> **What to work on**: From the records below, output exactly the lines starting at the line with "Husqvarna Automower X" and ending at the line with "Lekka Piechota IX (termin II) 2023 (część I)", both of them included, but no pictures.

> **Dataset extract**:
[Start of section]

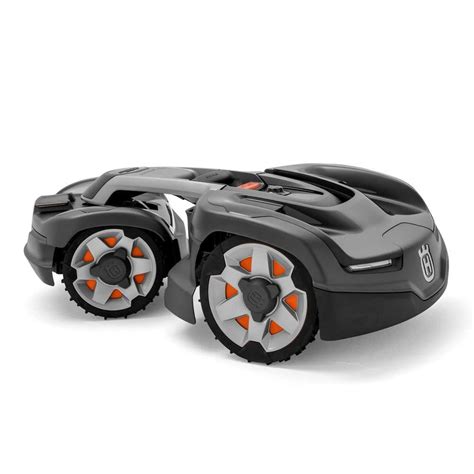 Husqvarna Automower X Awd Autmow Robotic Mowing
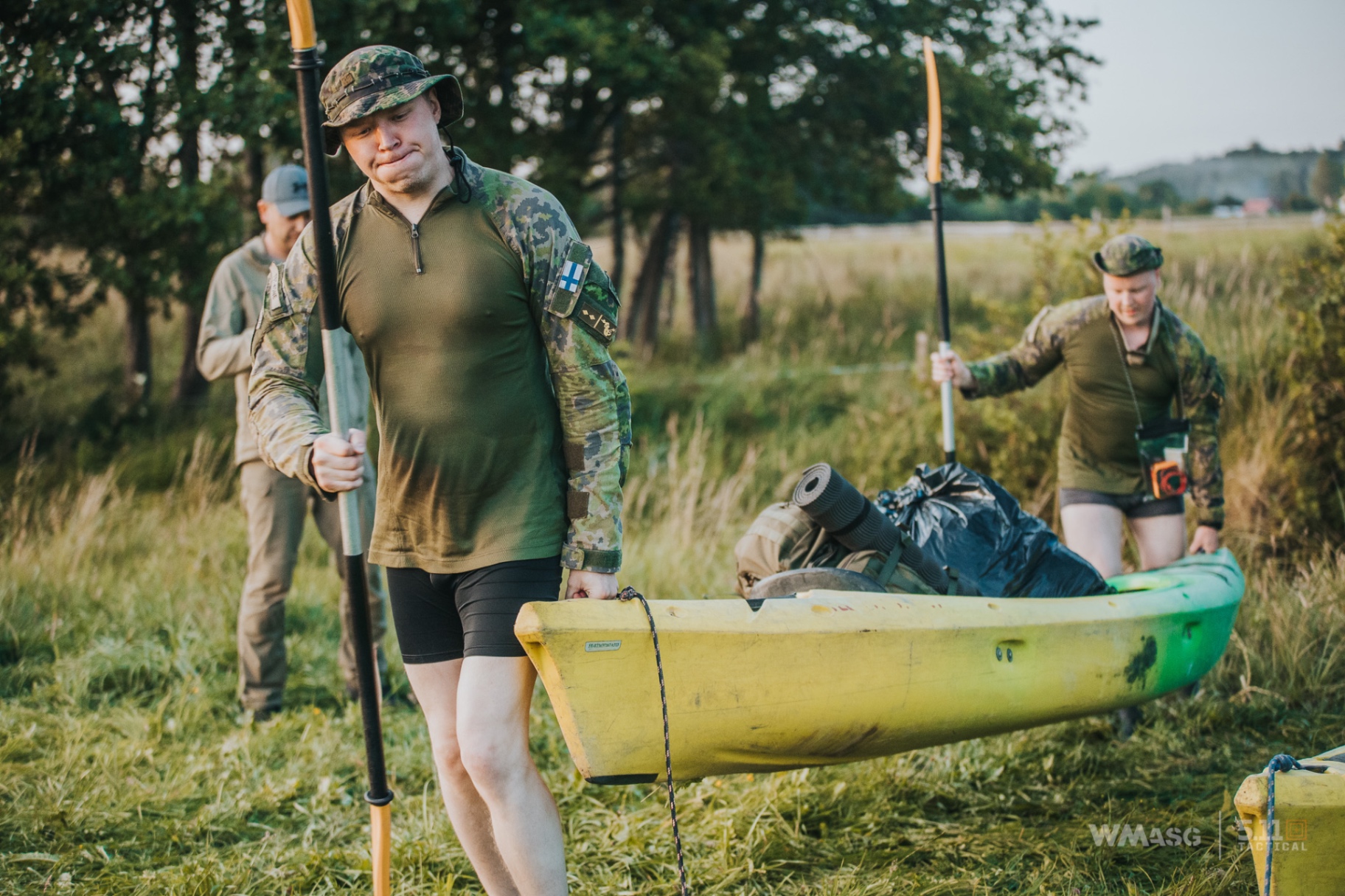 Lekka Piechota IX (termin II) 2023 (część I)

[End of section]
[Start of section]

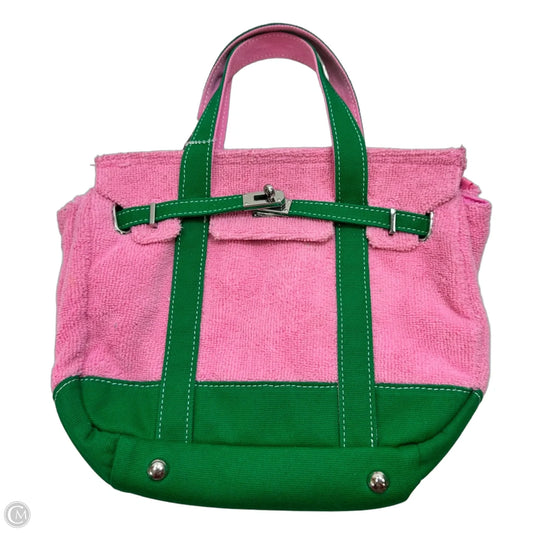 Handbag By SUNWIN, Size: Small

[End of section]

> **Task answer**:
 Husqvarna Automower X Awd Autmow Robotic Mowing
 Lekka Piechota IX (termin II) 2023 (część I)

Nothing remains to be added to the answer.